The burden, then, is on the those defending the "free will" position. Their major asset in the argument is that most people "feel" free and highly value freedom of choice. In fact, people are willing to fight and die for "freedom" and nations are willing to go to war over it, even to "spread "freedom."

There is also a strong bias toward holding a view of moral responsibility, which determinism, that is, lack of free choice, contradicts.

It should be pretty obvious from this simplification that the issue is largely ideological. Even if some experiments could be designed, those in opposition would find some rationale based on their ideology to question or reject the outcome if it went against their position.

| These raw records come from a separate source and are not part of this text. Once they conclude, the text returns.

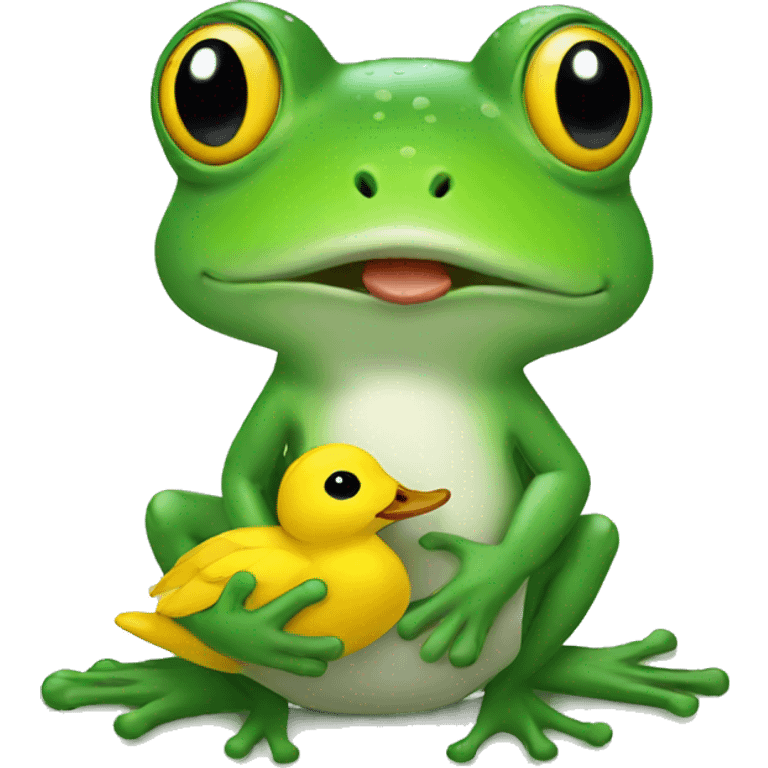 Frog holding a duck emoji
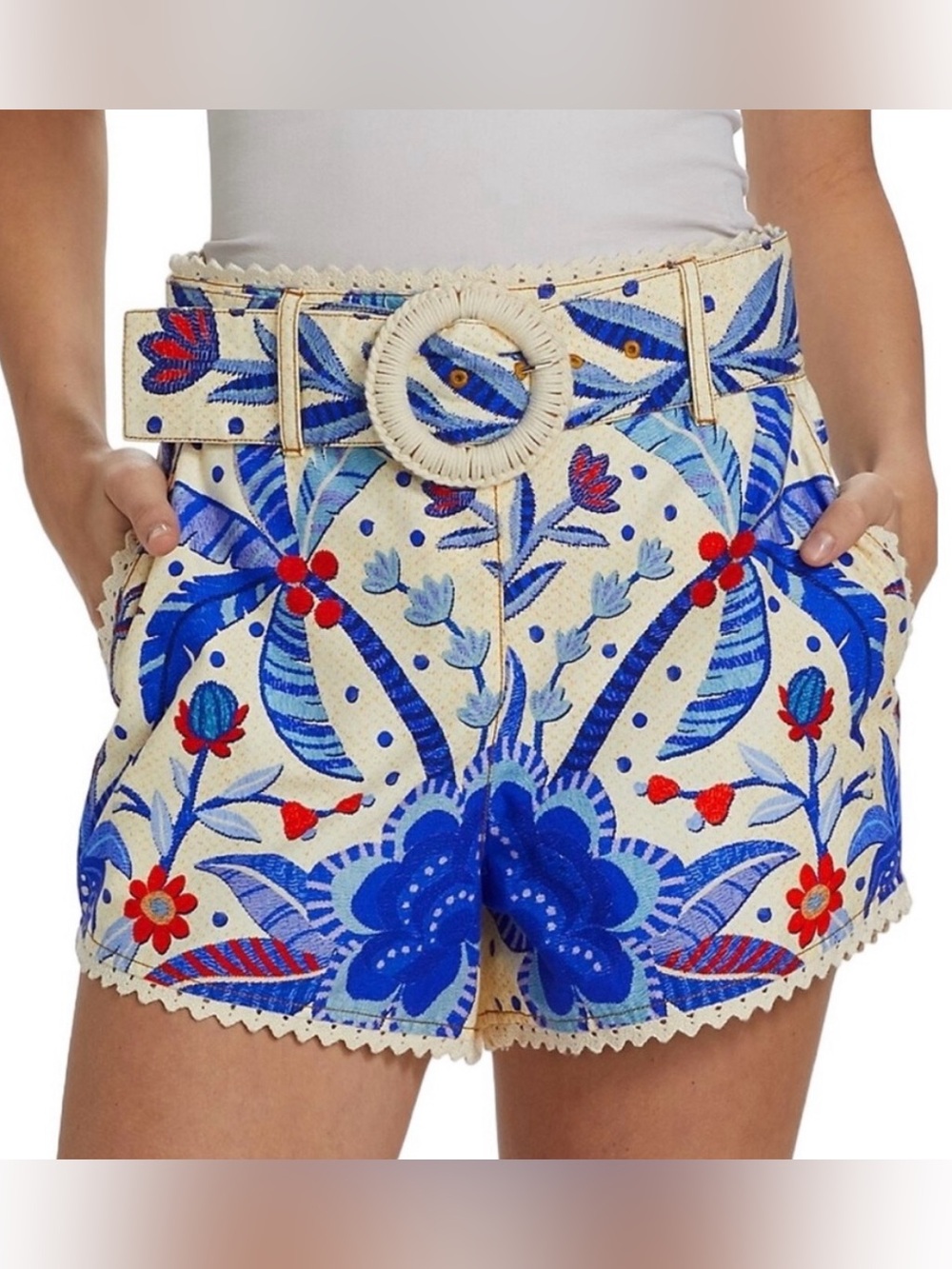 NWT Farm Rio Jungle Chic Belted Shorts Blue Off White Floral Palm Trees Print L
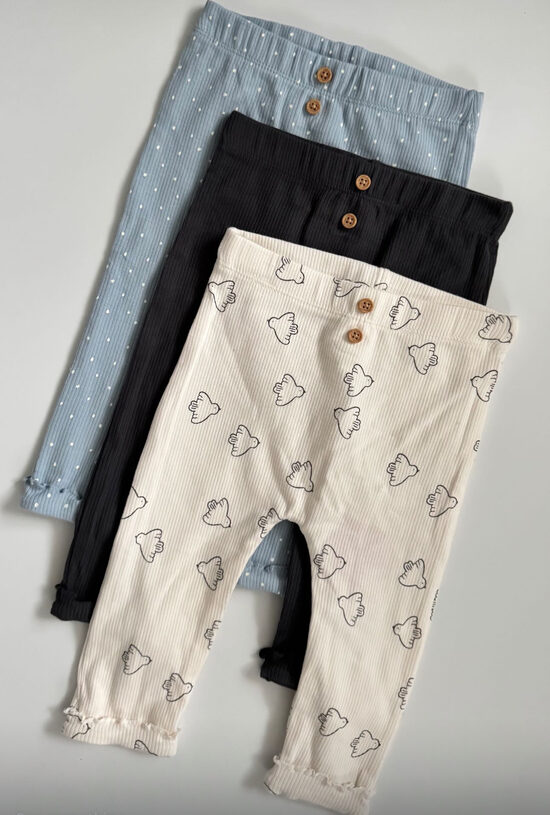 3 gab. ribbed legingi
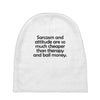 sarcasm and attitude Baby Beanies
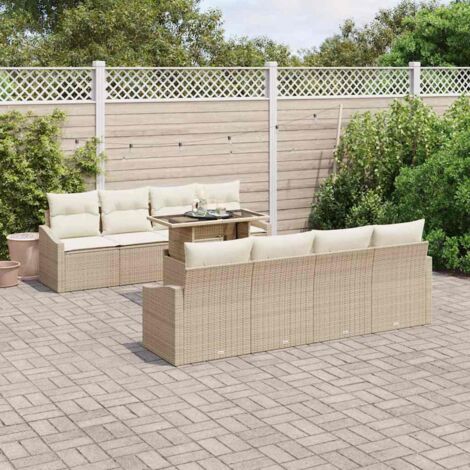 vidaXL Ensemble de canapé de jardin avec coussin 7 pcs beige et crème (1/5)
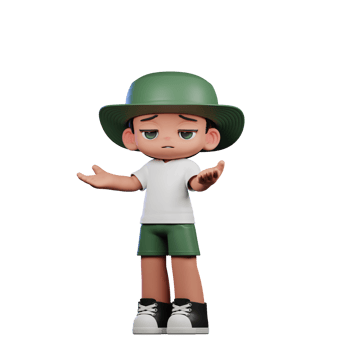 3d Cartoon Character in a Green Hat and White Shirt Confused Pose png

As I suggested above a key issue is causality. It's similar to Augustine's observation about time in Confessions, Book XI, ch 14:

For what is time? Who can easily and briefly explain it? Who even in thought can comprehend it, even to the pronouncing of a word concerning it? But what in speaking do we refer to more familiarly and knowingly than time? And certainly we understand when we speak of it; we understand also when we hear it spoken of by another. What, then, is time? If no one ask of me, I know; if I wish to explain to him who asks, I know not.…

jrbarch said...

For the ancient Hindus, Infinite was not 'mysterious'. They knew it, face to face and said so. They also knew most people did not have this experience: - hence actions, knowledge, consciousness, followed accordingly. They were not dismayed by what happened in the world.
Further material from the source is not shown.